The Biden campaign and other Obama alumni push back at many of these conclusions while trying to calm a widening apprehension among Democrats.

Quentin Fulks, who serves as Biden's deputy campaign manager, said that instead of "parachuting into communities of color a few weeks before the election," the president's reelection team is investing earlier and more aggressively than in previous cycles.

The Biden campaign has invested more than $25 million in Black and Latino media, according to Biden campaign officials.

"We are meeting voters in every community where they are and putting in the work to earn every vote and let voters know how President Biden and Vice President Harris have delivered for them in an unprecedented way," Fulks said.

"The stakes are high, and we aren’t taking anything for granted."

Other Democratic campaign veterans who come from Obama's network throw cold water on political forecasters, who had similar gloomy predictions in years past.

"I am amused at the collective amnesia every election season of the press," said Belcher, a Democratic pollster who worked for both Obama presidential campaigns.

"No candidate or campaign starts off a year or year and a half out where they want to be or where they need to be. If so they would, we would have no need for campaigns."

Belcher noted how headlines wondered if Obama was “toast” in the early stages of his 2012 reelection bid, and that predictions from FiveThirtyEight, a political data analysis site, rated Obama with a 17% chance of winning against Republican presidential nominee Mitt Romney.

Messina, who led Obama's two campaigns, said surveys "are famously bad" in the earlier stages of a presidential race because voters don't have a focused choice in front of them.

"Elections are a choice, and we haven’t formalized that choice yet. Once voters know their options, their opinions change," he said.

One element that could make 2024 different than the Obama reelection 12 years ago, however, is the role third−party contenders are playing.

When respondents are asked about their choice when ballot includes the seven possible presidential candidates—such as independents Robert F. Kennedy Jr. and Cornel West; or Green Party nominee Jill Stein—Trump holds a 37%-34% lead, according to the USA Today/Suffolk poll released this month.

That margin shrinks in Biden's favor when there are fewer candidates. The president trails 44%-43% when there are no other third party contenders in the race, according to the survey, which has a margin of error of plus or minus 3.1%.

The data points to significant frustration among potential Biden voters, said David Paleologos, director of Suffolk's Political Research Center.

"The bet for Biden right now is once we get this to a binary choice, one-on-one, people will not vote for Trump," he said. "And that's a big gamble, because that assumes that all of the other third party candidates will go away or their support will dissipate."
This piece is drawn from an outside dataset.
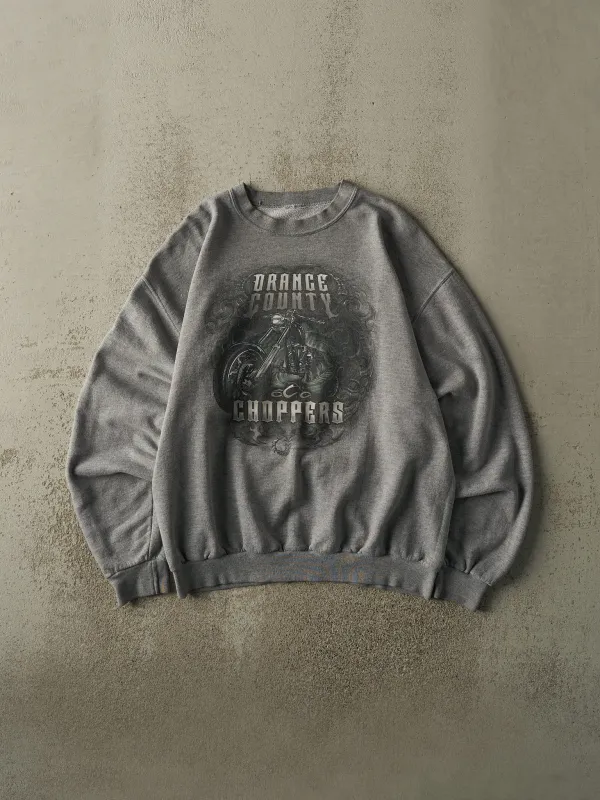 Vintage Y2K Grey Orange County Choppers Crewneck (M/L) sold by Rebalance Vintage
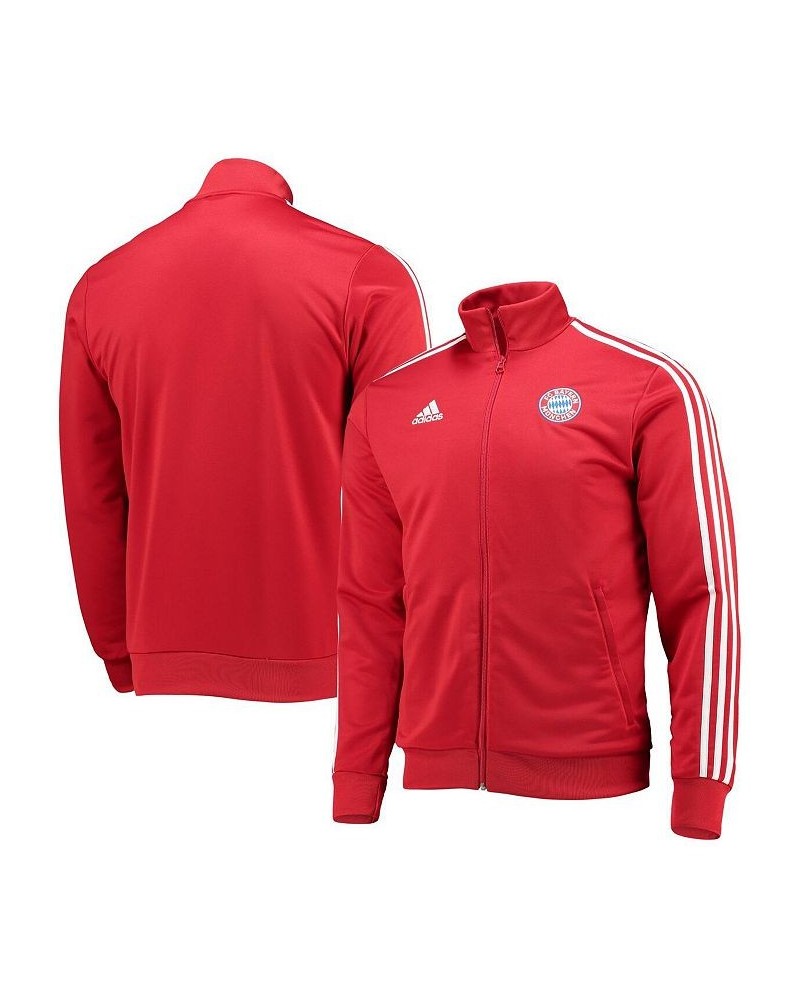 Men's Red Bayern Munich 3-Stripes AEROREADY Full-Zip Track Jacket $37.22 Jackets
In this file photo US President Barack Obama and President-elect Donald Trump shake hands during a transition planning meeting in the Oval Office at the White House in Washington, D.C.
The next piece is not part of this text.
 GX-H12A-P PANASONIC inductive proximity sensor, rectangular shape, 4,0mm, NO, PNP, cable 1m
Paleologos said more progressive-leaning voters have consistently expressed being, "fed up with the staleness of the choices that are being offered."

Belcher, the Democratic pollster, said the problem Biden's campaign will be challenged to solve over the next 10 months is selling Black, Hispanic and younger constituencies on its accomplishments.

"For me, Biden has really better story to tell these young, diverse voters than Obama did," he said. "But these voters have a stronger affinity to Obama than they do Biden."